Ever occur that people have different opinions. Saw your same type of post on MSDucks awhile back. Sell it, I'm sure someone will buy it. I'm not defending Avery, I used mine and it worked well for me in the setting I had. Sorry, yours didn't work well for you.

Jeff


----------



## GulfCoast (Sep 24, 2007)

mallarddrake said:


> WME ive seen your other post and you sound like one of those now it all type of guys. More like Avery wouldnt give you a shot to be one of their prostaffs and your just downing all of their gear to make up for it. I bet you got picked on in school and the only way to feel tuff is on a forum. I wasnt trying to start an arguement, I just think it is funny how you have never had or want a stand but your going to down a product over what everyone else was saying. So you just keep being tuff you tuff guy you and keeps us up to date on how your good at everything and how you now it all.

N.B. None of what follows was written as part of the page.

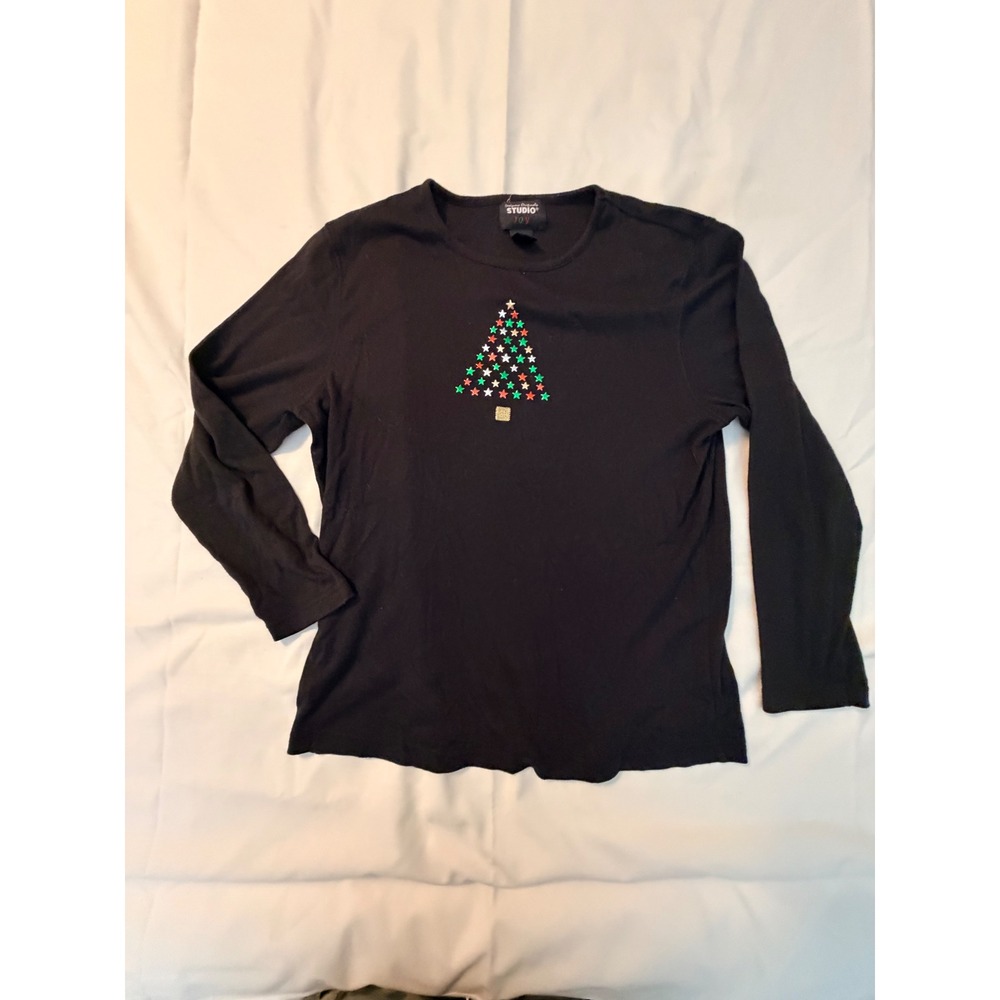 Designers Originals Studio Joy Black Christmas Tree Star Long Sleeve Top Large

You are priceless. If you think its funny that I have never "had or want a stand but your going to down a product over what everyone else was saying" you must not have seen the picture of my ruff stand posted above. So I guess I do own one, Einstein. 'Course it would take a lot of effort for you to have actually READ the thread before popping off. And no, I most assuredly did NOT get picked on in school.


----------



## GulfCoast (Sep 24, 2007)

bayou beagle said:


> Hey WME,
> 
> Ever occur that people have different opinions. Saw your same type of post on MSDucks awhile back. Sell it, I'm sure someone will buy it. I'm not defending Avery, I used mine and it worked well for me in the setting I had. Sorry, yours didn't work well for you.
> 
> Jeff



Thanks Jeff. I realize folks can have different opinions. Some folks opinions carry more weight than others. I have one still NIB if someone wants one. I have already sold my other one. I have gone back to chain-ons. 

Regards,
WME


----------



## mallarddrake (Mar 20, 2008)

Ok I saw your picture, I still thinks its funny how your taking this seriously and that you have to talk down to people. But Im guess that is just the way you are and I can kind of tell by looking at the picture. That your dog is probably more mature then the guy next to him(oh thats you). Any ways Im tired of talking about this you have your opinion and I have mine. So lets just leave it at that. You can have the last word or whatever you want to say.


----------